China’s State Council predicts that China’s annual GDP growth rate will increase roughly 7% per year from 2010 to 2020. This could lead to a per capita GDP of $5,900 in 2020, compared to $4,000 per capita in 2009. The USDA estimates that of every new dollar spent in China, 40% is allocated to food.


China’s Land Imbalance


The primary problem facing China’s ability to feed itself is its land imbalance. China has roughly 20% of the world’s population although only 7% of the world’s arable land. The supply of arable farmland in China is decreasing rapidly as well. China has lost 20% of its arable land due to erosion, desertification, and development, and is expected to lose 10 to 15 million more hectares by 2020.

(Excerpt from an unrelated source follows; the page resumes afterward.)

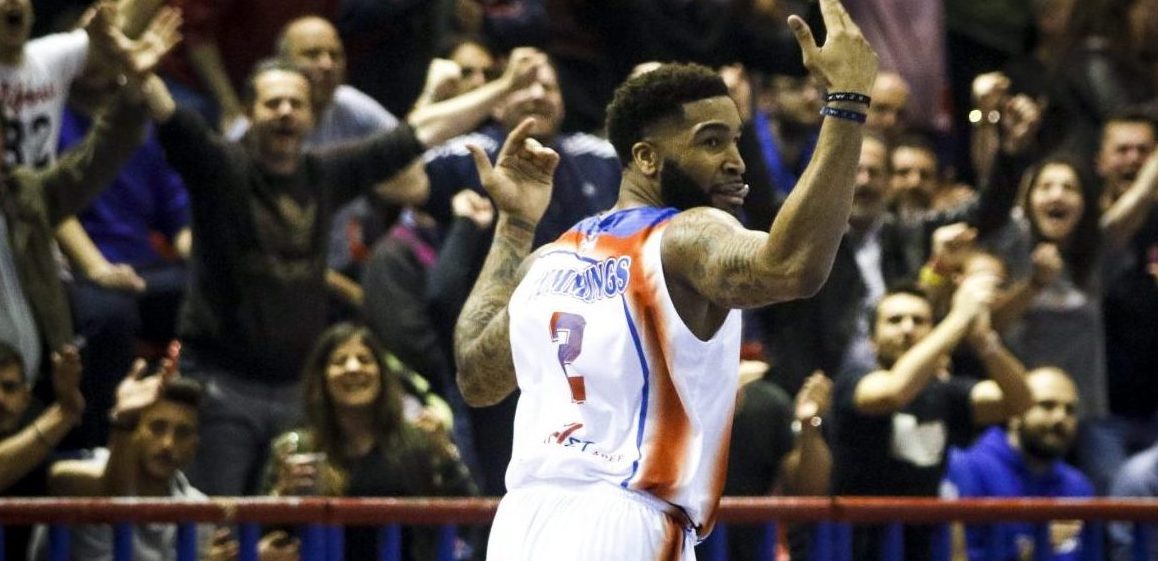 BASKET LEAGUE / ÐÁÍÉÙÍÉÏÓ - ÁÅÊ (ÖÙÔÏÃÑÁÖÉÁ: ÊÙÓÔÁÓ ÌÁÊÑÕÄÇÌÁÓ / EUROKINISSI)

To solve this imbalance, China committed $5 billion for agricultural development in Africa in 2008. China is sending expatriate farmers to Africa to cultivate the land and export the grain directly back home to ensure a consistent supply of grains. According to the Chinese Ministry of Commerce, over one million Chinese are farming in Africa dispersed throughout 18 countries.


U.S. to Benefit from Chinese Imports


Where will China import all this corn from? The first place they will turn to is the U.S., which is the world’s largest corn exporter, accounting for 60% of global corn exports in 2009. Argentina and Brazil only account for roughly 10% of global exports each.


If China imports an incremental 600 million bushels of corn in 2014 from the U.S., using the USDA’s baseline projections, U.S. corn ending stocks would be 960 million bushels. This would put the Ending Stocks to Use Ratio at 6.3%, the lowest level since 1995.


2010 is a major turning point in the grain market. The Chinese transition to becoming a net importer of corn will have a substantial implication on the world’s corn supply.